The soundtrack to the film COUM Transmissions called "After Cease To Exist" (an oblique reference to a Charles Manson song "Cease To Exist") was improvised live by Throbbing Gristle directly onto tape. It shows how close at the beginning were the concerns and interaction of structures of both projects as well as the seminal utilisation of documentary taped material that was and remains a hallmark of TG despite its colonisation justifiably by just about every type of musical style in contemporary times.
Additionally to the entire "2nd Annual Report" L.P. The original 7" Single by Throbbing Gristle, both sides, is included here. It was the second TG release. A deliberate contradiction of the rapidly solidifying general opinion of what a TG record must sound like. In fact, in many ways, after this first LP by TG most of their future actions were guided, even dictated by the paramount purpose of confounding and subverting expectations and preconceptions of friends and enemies alike. The single "UNlTED" was intended to be a potential football chant! Hence the spun in tape of a father encouraging his schoolboy footballer son to "Go On, Go On". In fact, during its recording on a hired 4 Track machine it mutated into a haunting song about communication across distance that many successful bands today see as the original initiator and example of the now accepted form of ElectroPop, even down to the deadpan underplayed and english accented vocals. "ZYCLON B ZOMBIE" was a verbal joke in deliberate bad taste, featuring the extensive mangling of instrument generated sounds in an attempt to project to the listener the actual feeling of hysteric coma whilst being gassed to death in Auschwitz.
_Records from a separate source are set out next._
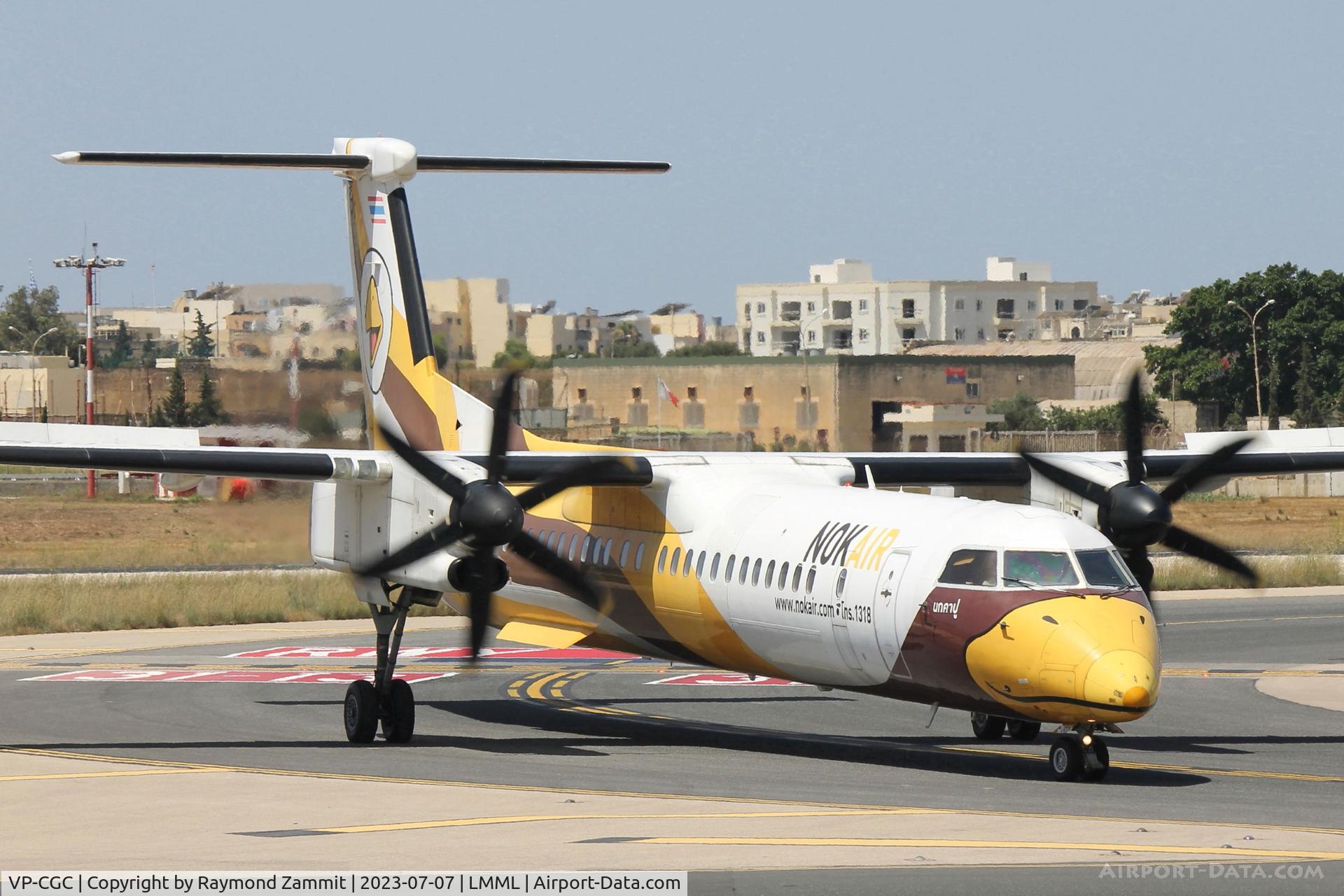 VP-CGC, 2000 Dassault Falcon 2000 C/N 107, Bombardier DHC-8 VP-CGC NOK Air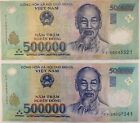 One Million Vietnamese Dong - 2 X 500k Vnd - Authentic Polymer Notes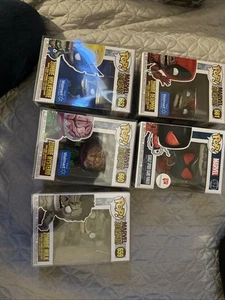 4 Marvel Zombies Funko Pops Plus Scarlet Spider - Picture 1 of 6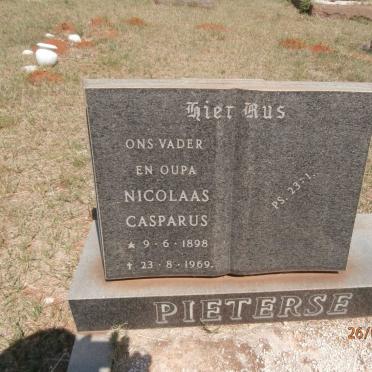 PIETERSE Nicolaas Casparus 1898-1969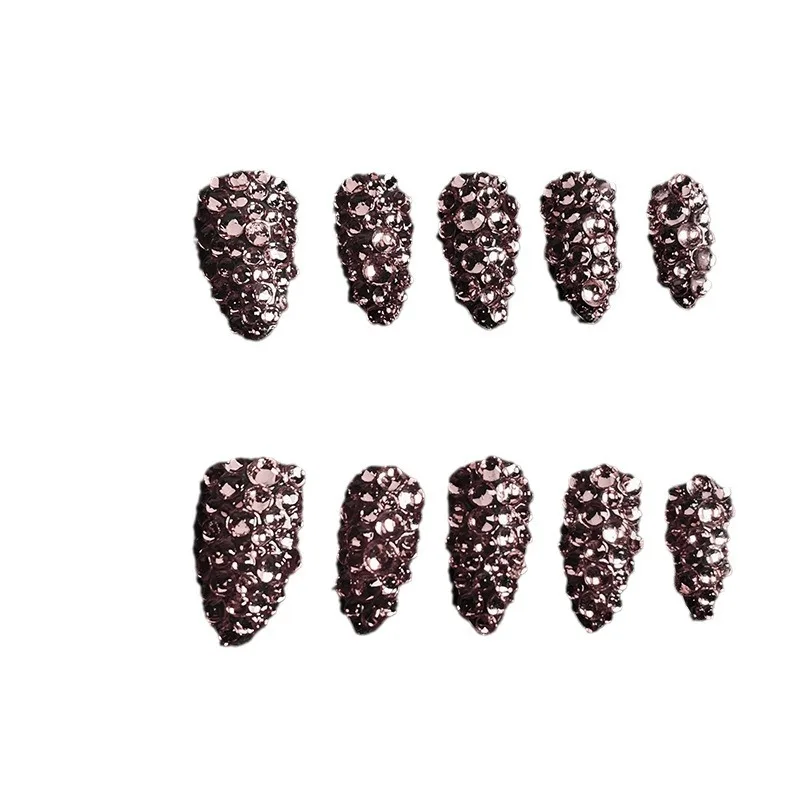 Hot-selling European and American hot-selling all-diamond almond armour pure hand-worn armour tablets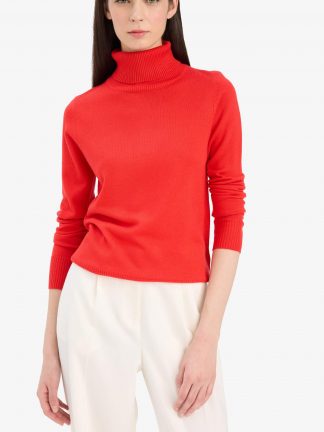 پلیور زنانه قرمز دفکتو تصویر ۱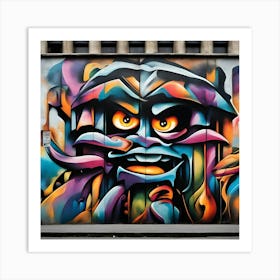 Urban Face. Art Print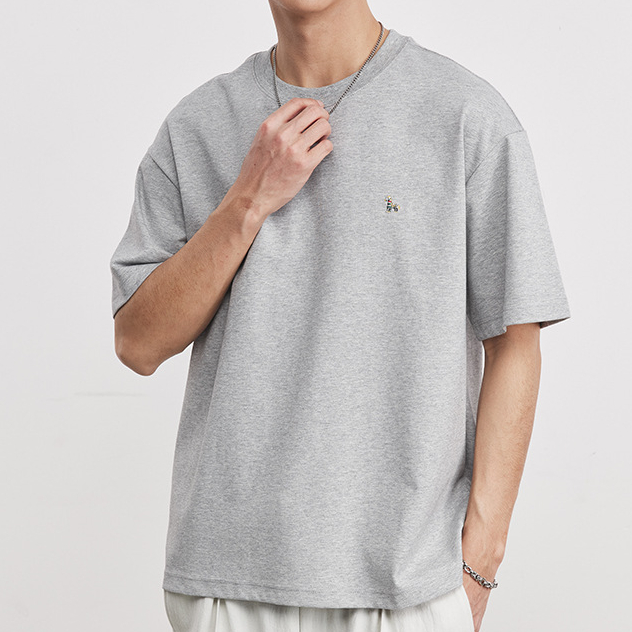 小馬卡通簡約百搭圓領短袖t恤男夏季2026新款半袖體恤上衣潮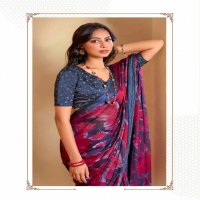 kashvi creation pankti vol 23 soft silk printed saree with blouse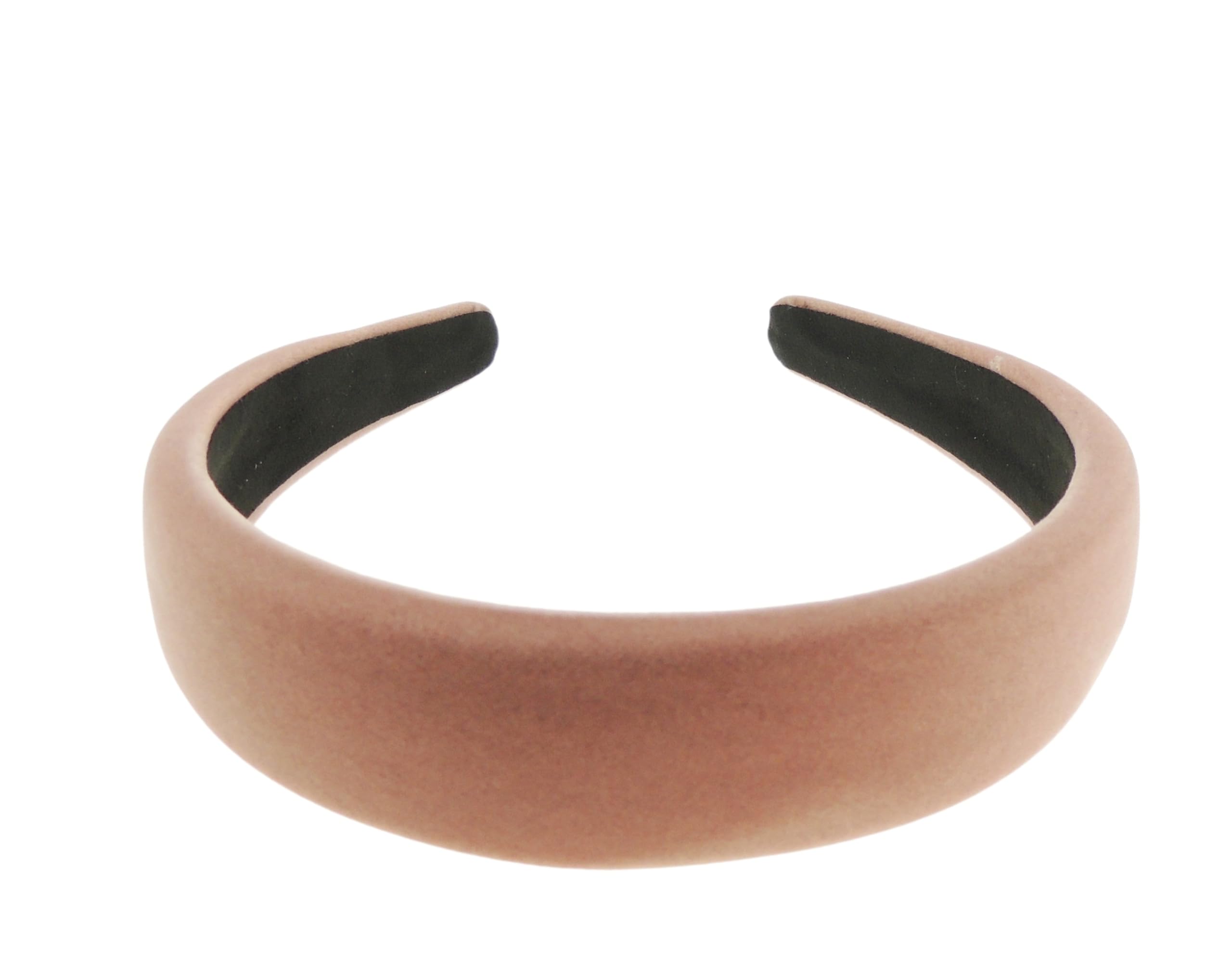 Cerchietto Velluto Grigio Cuoricini Rossi Accessorio Capelli Elegante CF52690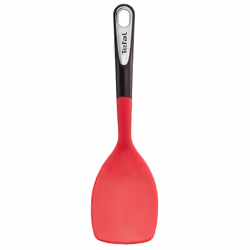 Tefal Ingenio K2064514, Spatules et raclettes de cuisine, Rouge, Silicone, Plastique, Noir, Acier inoxydable, Orifice de susp ...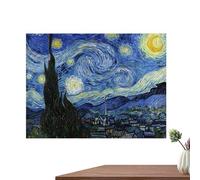 Puzzle Da 2000 Pezzi - Puzzle Interattivo Per Adulti Divertente, D'arte Notte Stellata Di Vincent Van Gogh, Decorazione Murale Unica Per La Casa, Gioco Cerebrale Coinvolgente, Attività Per Coppi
It was recorded live on a mono-cassette recorder. This single in many ways sums up the strengths and weaknesses of TG. The satire of a pop single, became a popular single that outsold all other TG releases before and after. It generated a commercial type of music that still sustains the corporate enemy, yet it tempted with its appeal both its audience and its originators. The position was less clear than they supposed. And its B side posed another problem, the boundary between journalism and gratification. It was only the foundation of compassion that absolved. There could be a strong argument that this single contains in microcosm all that TG were ultimately trying to resolve and express, for themselves, and for society, if we accept the concept of artist as voice for the populace.
The cover featuring a menacing, sterile block of flats in London, another interpretation of Death factory on the "United" side, and a figure in a shower on the "Zyclon" side. The potent contained, or triviaIised. History decides.
By the way, the voice of the DJ at the end of the A side of 2nd Annual Report is screaming at the AUDIENCE, not at Throbbing Gristle; finally clarifying probably the most asked TG question of all time. And the musical structure of "ZYCLON" was quite deliberately based on "l HEARD HER CALL MY NAME" by The Velvet Underground, even down to a specific lyrical reference.